In Costa Rica, south of Lake Nicaragua, a series of volcanos dot the landscape from the northwest to the southeast. One of those is the triple-humped Volcan Tenorio, famous as the headwaters for the Rio Celeste.  A sulfurous vent and calcium carbonate cause the river to run an opalescent blue.  We hiked up into the cloud forest to the catarata, past blue lakes and bubbling hot springs.  To the strange place where a white vein of mineral slashes across the crystal clear river.  There the river is shocked immediately into its unlikely shade of blue.

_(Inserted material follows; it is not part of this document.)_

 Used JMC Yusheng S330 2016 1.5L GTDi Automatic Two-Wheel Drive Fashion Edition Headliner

click on any picture to enlarge

The Love Note to 2014: February 16 to March 10

February 16 to March 10:

I love words.

These baskets woven of sound - these containers for some nugget that we have cut from the stream of our thinking.  We click and hiss and hammer the air and another brain catches our thoughts.

I love the murmur of a place where people gather - air vibrating as these woven baskets and their cargoes of meanings move among minds.

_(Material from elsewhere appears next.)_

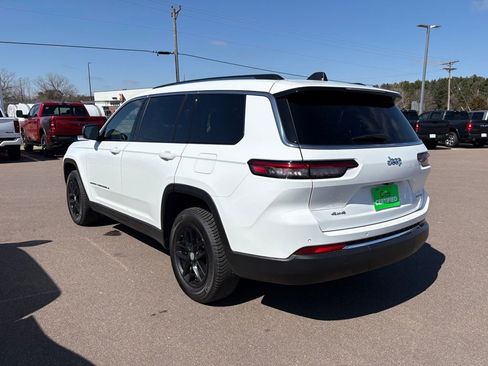 Certified 2023 Jeep Grand Cherokee L Laredo AWD/4WD image 3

I love that humans play with this elaborately crazy adaptation - we joke, we sing, we pun.

I love to travel to places visited long ago.  To see the peaks of Olympus rising above the Puget Sound and think, "Oh, I'd forgotten how they loom over the city in light like this."  To see old friends who are sudden years farther down their paths and have them see me.  To replace memories that are tattered, blurred and incomplete, with new ones.

I love when memories of place get crossed - the drizzle of Seattle so exactly like the soft rain of Cork.  

I love to travel to places new.  In Costa Rica, there is a place upon the skirt of a volcano where a little seam of white turns a river an opalescent blue.  And markets where the fruit is strange and the seller must explain what parts to eat - tomate de palo, cas, manzana de agua, rambutan . . .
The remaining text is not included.